北海道での公安委員長への報酬は年間402万円。 他の委員への報酬は288万円である(いずれも平成9年度実績)。 広範な警察責務を管理する仕事への報酬としては安すぎる。名誉職としての報酬設定額であることは明らかだ。
また数々の功績を残された先生方にとっても、公安委員になるそれまで深く関与することのなかったであろう広範な警察所掌事務を管理するための知識を蓄えることは、失礼ながら年齢的にかなりしんどいのではないだろうか。
北海道公安委員会(011-251-0110内2124)に電話すると北海道警察総務部に繋がる。また北海道では公安委員会に所属する職員はひとりもおらず、先生方は毎週水曜日午後1時からの会議に来るだけである。なお会議は必ずしも毎週行われるわけではない。

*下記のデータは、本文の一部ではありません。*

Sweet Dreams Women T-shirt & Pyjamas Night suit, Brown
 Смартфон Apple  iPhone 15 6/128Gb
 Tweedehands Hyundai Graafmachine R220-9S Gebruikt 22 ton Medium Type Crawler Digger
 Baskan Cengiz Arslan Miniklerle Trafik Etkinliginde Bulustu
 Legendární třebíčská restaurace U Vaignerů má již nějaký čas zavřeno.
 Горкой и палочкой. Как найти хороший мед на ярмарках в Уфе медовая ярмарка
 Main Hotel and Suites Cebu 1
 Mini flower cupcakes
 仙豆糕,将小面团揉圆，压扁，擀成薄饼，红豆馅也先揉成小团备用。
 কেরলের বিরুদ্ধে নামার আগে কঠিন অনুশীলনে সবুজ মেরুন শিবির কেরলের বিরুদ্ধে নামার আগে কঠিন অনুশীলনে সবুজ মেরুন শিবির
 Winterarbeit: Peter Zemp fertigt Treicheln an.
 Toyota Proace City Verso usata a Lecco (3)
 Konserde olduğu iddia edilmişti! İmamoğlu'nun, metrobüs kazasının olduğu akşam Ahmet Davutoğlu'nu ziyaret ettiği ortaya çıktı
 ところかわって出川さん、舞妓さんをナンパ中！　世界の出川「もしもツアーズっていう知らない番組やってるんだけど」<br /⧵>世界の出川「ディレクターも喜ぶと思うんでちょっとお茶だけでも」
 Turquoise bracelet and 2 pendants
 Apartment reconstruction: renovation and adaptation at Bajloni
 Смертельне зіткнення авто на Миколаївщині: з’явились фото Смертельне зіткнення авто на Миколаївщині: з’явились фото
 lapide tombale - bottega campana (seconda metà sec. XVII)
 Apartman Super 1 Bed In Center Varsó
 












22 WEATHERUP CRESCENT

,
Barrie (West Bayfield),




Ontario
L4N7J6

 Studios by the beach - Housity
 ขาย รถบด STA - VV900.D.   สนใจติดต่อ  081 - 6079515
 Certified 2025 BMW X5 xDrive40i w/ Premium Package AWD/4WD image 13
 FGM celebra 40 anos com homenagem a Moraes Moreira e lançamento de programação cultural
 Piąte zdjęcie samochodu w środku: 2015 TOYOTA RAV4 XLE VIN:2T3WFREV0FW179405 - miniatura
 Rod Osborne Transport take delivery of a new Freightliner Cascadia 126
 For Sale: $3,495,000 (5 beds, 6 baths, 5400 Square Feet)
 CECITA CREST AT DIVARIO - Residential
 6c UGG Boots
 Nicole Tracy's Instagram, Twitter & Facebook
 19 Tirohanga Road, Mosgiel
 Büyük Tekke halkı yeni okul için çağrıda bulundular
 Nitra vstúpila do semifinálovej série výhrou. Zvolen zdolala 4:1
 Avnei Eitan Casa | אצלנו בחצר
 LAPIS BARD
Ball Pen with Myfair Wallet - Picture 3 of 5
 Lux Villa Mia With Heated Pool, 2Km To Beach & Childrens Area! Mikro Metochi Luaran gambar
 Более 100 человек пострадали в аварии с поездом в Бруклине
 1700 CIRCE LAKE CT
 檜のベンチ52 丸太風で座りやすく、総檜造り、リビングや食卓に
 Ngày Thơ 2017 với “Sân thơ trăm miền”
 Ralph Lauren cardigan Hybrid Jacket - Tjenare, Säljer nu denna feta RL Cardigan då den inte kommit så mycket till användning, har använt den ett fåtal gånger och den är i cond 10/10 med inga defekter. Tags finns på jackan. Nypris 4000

都道府県公安委員会は知事の所管にあるが都道府県警察に対して知事は直接の権限を持たない。公安委員会を間にはさむことによって、都道府県警察が都道府県の直接的な関与を退けている実態がそこにある。
都道府県の財源によってその活動費のほとんどを賄いながら都道府県には警察活動に関与する何の権限も与えられていない。
地域差や地域の特色を無視して全国一律の警察運営を行い得る恐ろしく中央集権化された組織が日本警察なのである。そしてその権限は警察庁長官に集約されている。
お飾りとなった都道府県公安委員会の存在が警察の実態を市民に伝わりにくくし、警察には「公安委員会が決めたこと」といういい訳を与えている。
この日本警察の状況は民主主義の対極にあるといっても過言ではない。